1 Turnusol Kağıdı

Turnusol Kağıdı

0

Darbe girişimi bastırıldı, hainler cezalandırılacak, demokrasiyi kurtardık, bundan sonra önümüz açık ve daha birçok yorum, gözlem, gerçek veya asparagas haber… Ne kadarı doğru, ne kadarı çarpıtılmış, ne kadarı gelecekte yanlış olduğu ortaya çıkacak yalnızca bugünün doğrusu, şu anda kimse buna cevap verebilecek durumda değil.

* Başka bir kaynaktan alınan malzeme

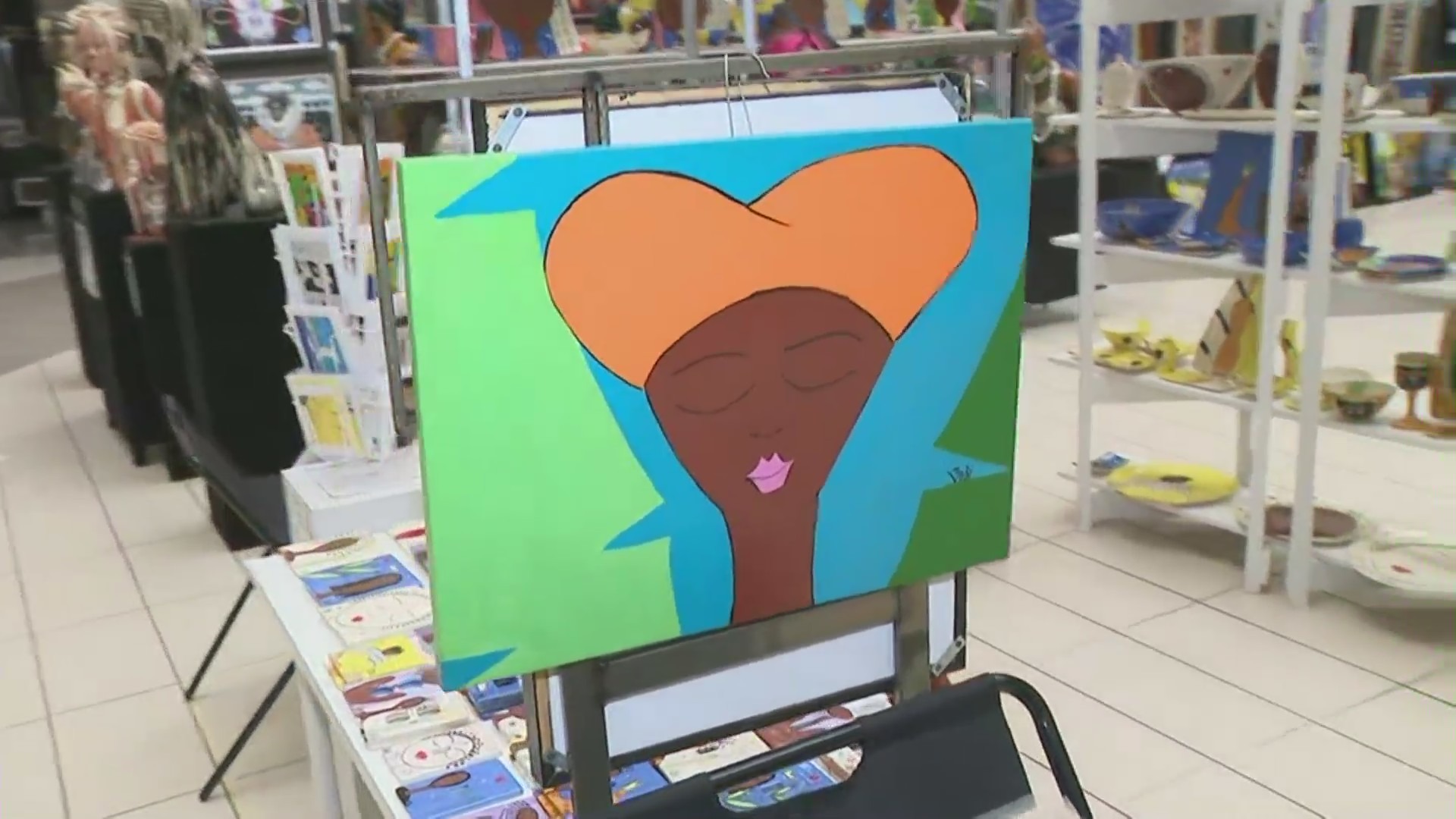 The Pan African Film and Arts Festival features visual art in addition to cinema, as shown on Feb. 11, 2023. (KTLA)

Dünyamızda artık hiçbir sey sonsuza kadar gizli kalmıyor. 20-30 yıl sonra arşivler açıldığında kim ne yapmış, merak eden görecek. Iyi de bu ancak tarihçileri tatmin edebilecek bir konum. Halbuki atı alanın köprüyü geçmiş olmasını istemiyorsak bugün eldeki verileri değerlendirmek, sağlıklı karar almak zorundayız. Hiç değilse bizi idare ettikleri söyleyenlerin böyle yapması lazım.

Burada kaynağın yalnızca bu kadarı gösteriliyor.